Build a React Native Document Scanner

In the previous article, we’ve built a document normalization React Native Vision Camera frame processor based on Dynamsoft Document Normalizer SDK. In this article, we are going to use it to build a React Native document scanning demo app.

Preview of the final result:

The app can automatically detect the document and run perspective transformation to get the document image. The image can be saved in several color modes: binary, gray and color.

Build a React Native Document Scanner

Let’s do this in steps.

New Project

Create a new React Native project with TypeScript support.
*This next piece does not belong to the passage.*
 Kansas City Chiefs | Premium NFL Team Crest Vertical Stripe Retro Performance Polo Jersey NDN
npx react-native init DocumentScanner --template react-native-template-typescript

Add Dependencies

  • Install the following packages to use the camera with the document normalization frame processor plugin:

    npm install vision-camera-dynamsoft-document-normalizer react-native-vision-camer react-native-reanimated
    

    We also need to update babel.config.js file for the frame processor plugin:

     module.exports = {
       presets: ['module:metro-react-native-babel-preset'],
    +  plugins: [
    +    [
    +      'react-native-reanimated/plugin',
    +      {
    +        globals: ['__detect'],
    +      },
    +    ],
    +  ]
     };
    
  • Install @react-navigation/native and dependent packages to add navigation.

    npm install @react-navigation/native @react-navigation/native-stack react-native-safe-area-context react-native-screens
    
  • Install react-native-svg to draw the overlay for detect documents.
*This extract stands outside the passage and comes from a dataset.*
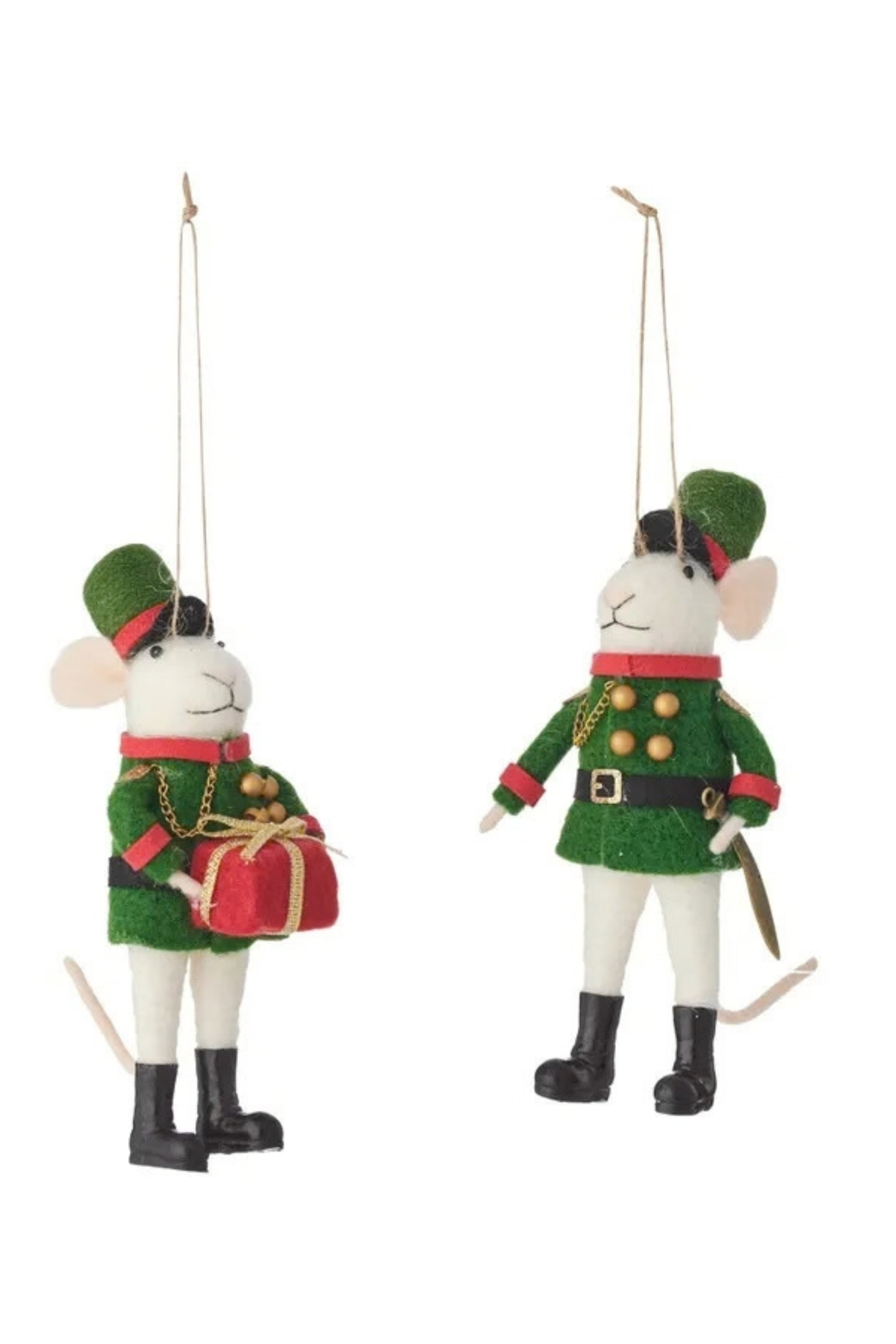 Soldier Mouse Felt Ornament With Sword or With Present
    npm install react-native-svg
    
  • Install react-native-share to share the normalized image.

    npm install react-native-share
    
  • Install react-native-simple-radio-button to provide a radio button component.

    npm install react-native-simple-radio-button
    

Add Camera Permission

For Android, add the following to AndroidManifest.xml.

<uses-permission android:name="android.permission.CAMERA" />

For iOS, add the following to Info.plist.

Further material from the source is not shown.